Dataset records –
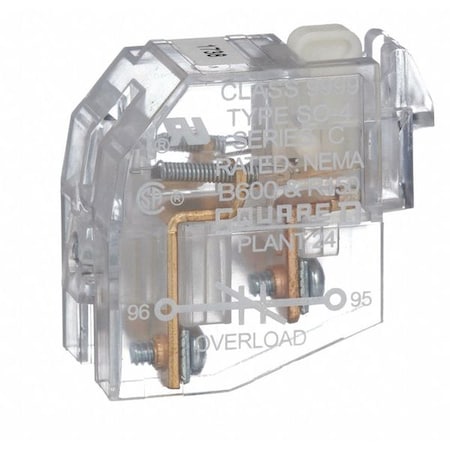 Auxillary Contact Block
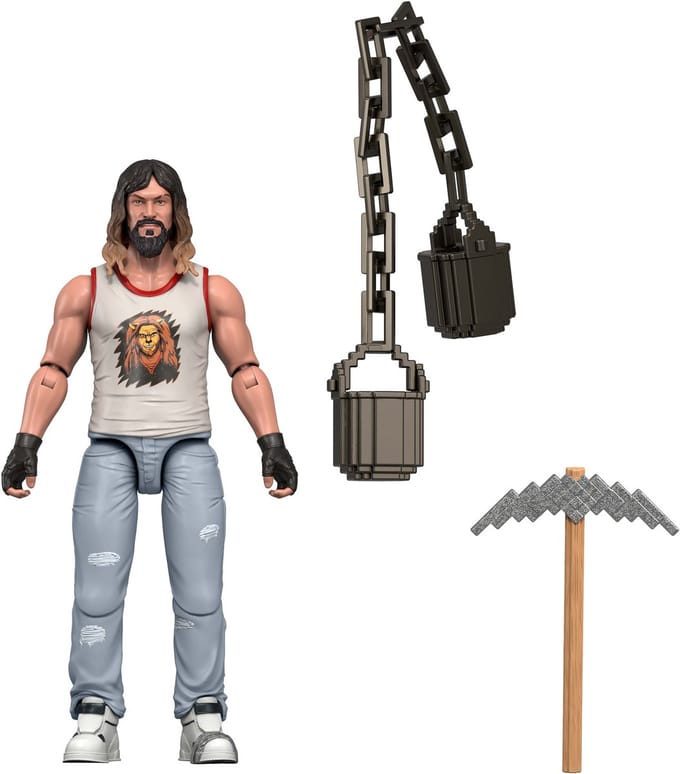 Minecraft Garrett Figuur Veelkleurig
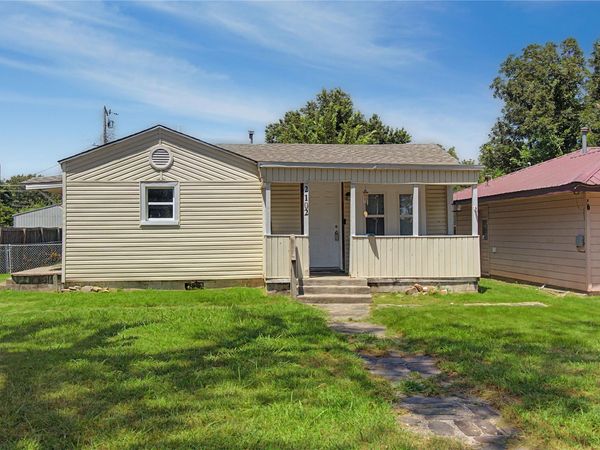 2102 Jefferson Street , Muskogee, OK 74403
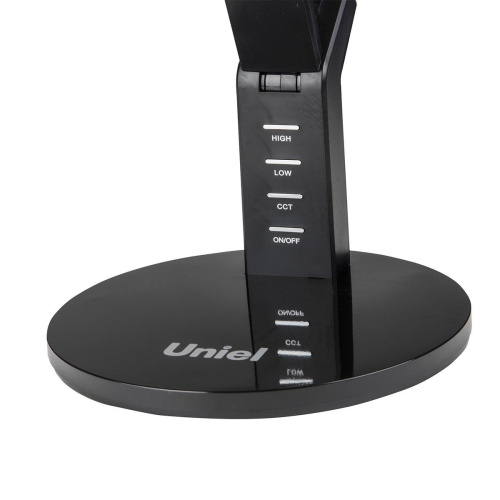 Настольная лампа Uniel TLD-570 Black/Led/500Lm/2700-5500K/Dimmer UL-00007438 Настольная лампа Uniel TLD-570 Black/Led/500Lm/2700-5500K/Dimmer UL-00007438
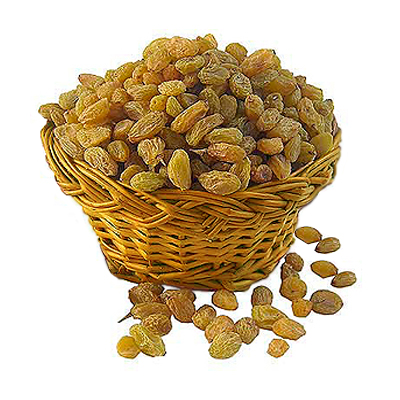 Raisins Basket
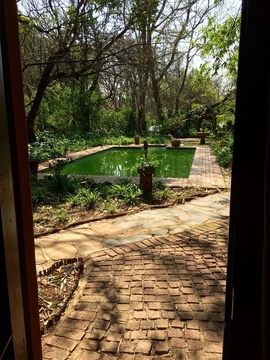 Garden, Merilyn Oates' Suite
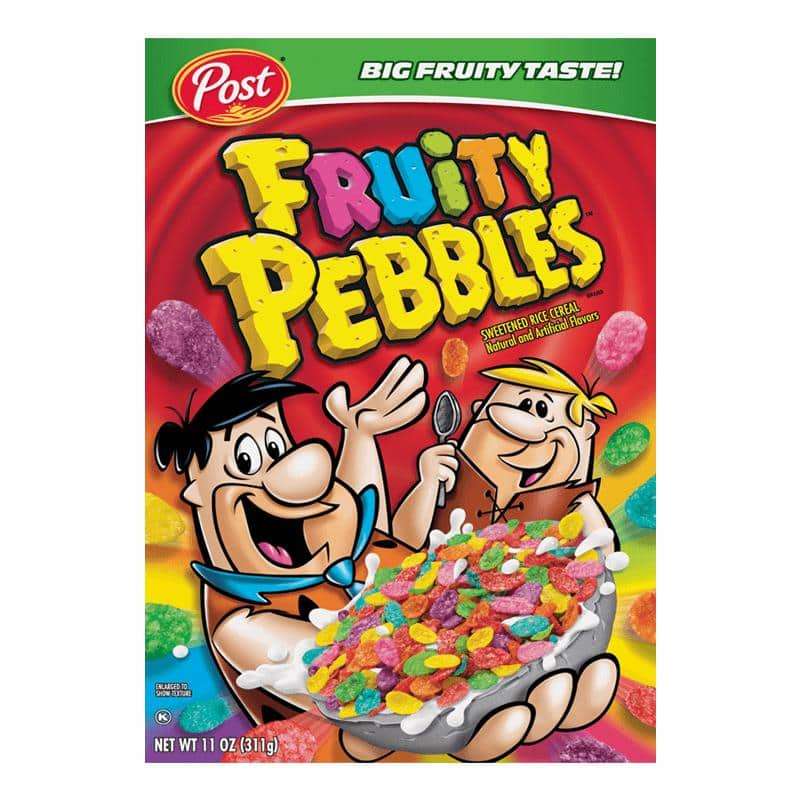 cereali frutta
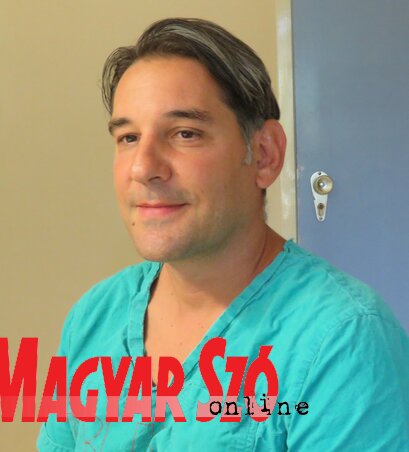 Dr. Mirsad Maljanović (Fotó: Lackó Varjú Sára) Dr. Mirsad Maljanović (Fotó: Lackó Varjú Sára)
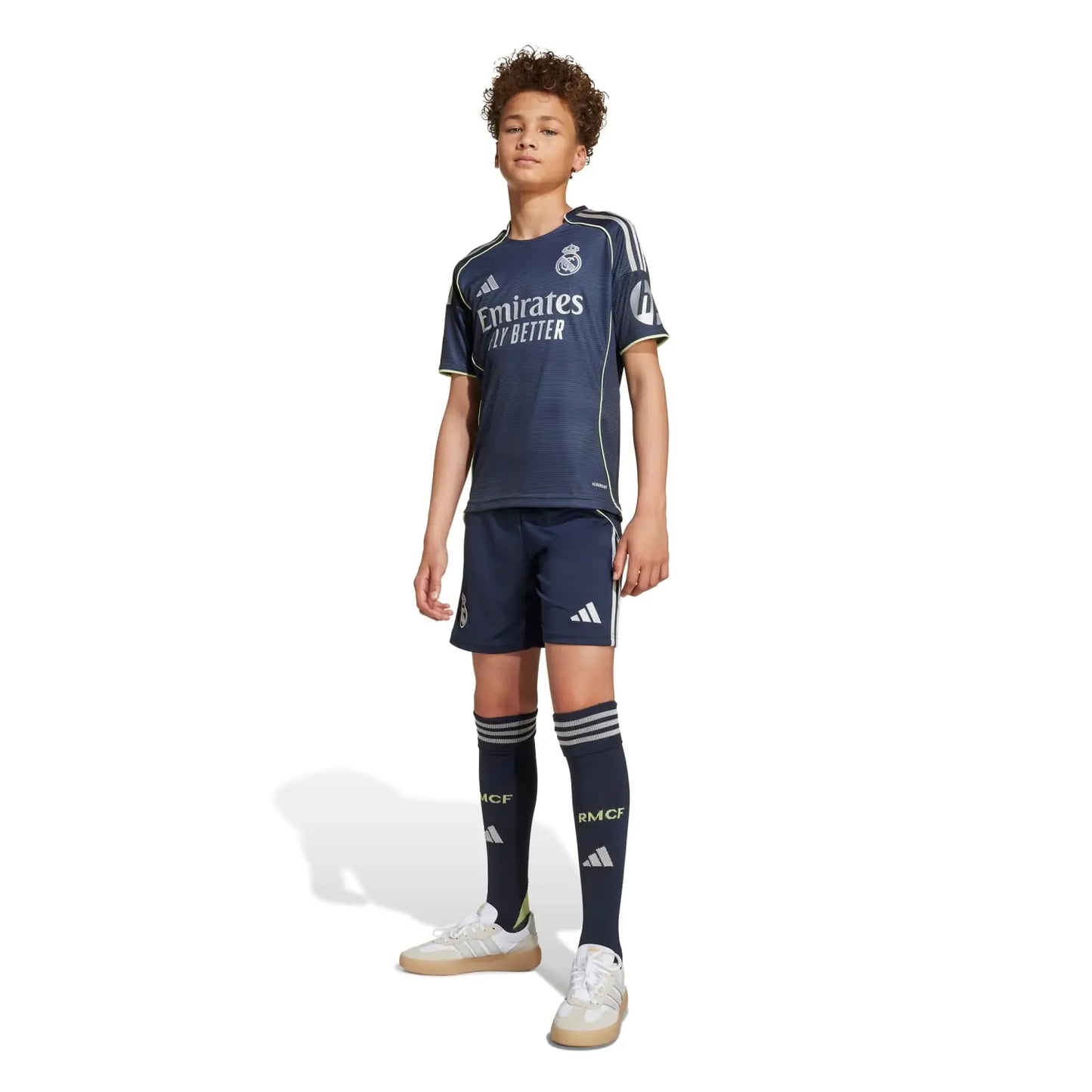 Niño Real Madrid 25∕26 Segunda Equipación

To do –
Nothing except the lines from the one containing "2102 Jefferson Street , Muskogee, OK 74403" through the one containing "cereali frutta" should appear in the answer, exactly as above and without pictures.

Solution to this task –
 2102 Jefferson Street , Muskogee, OK 74403
 Настольная лампа Uniel TLD-570 Black/Led/500Lm/2700-5500K/Dimmer UL-00007438 Настольная лампа Uniel TLD-570 Black/Led/500Lm/2700-5500K/Dimmer UL-00007438
 Raisins Basket
 Garden, Merilyn Oates' Suite
 cereali frutta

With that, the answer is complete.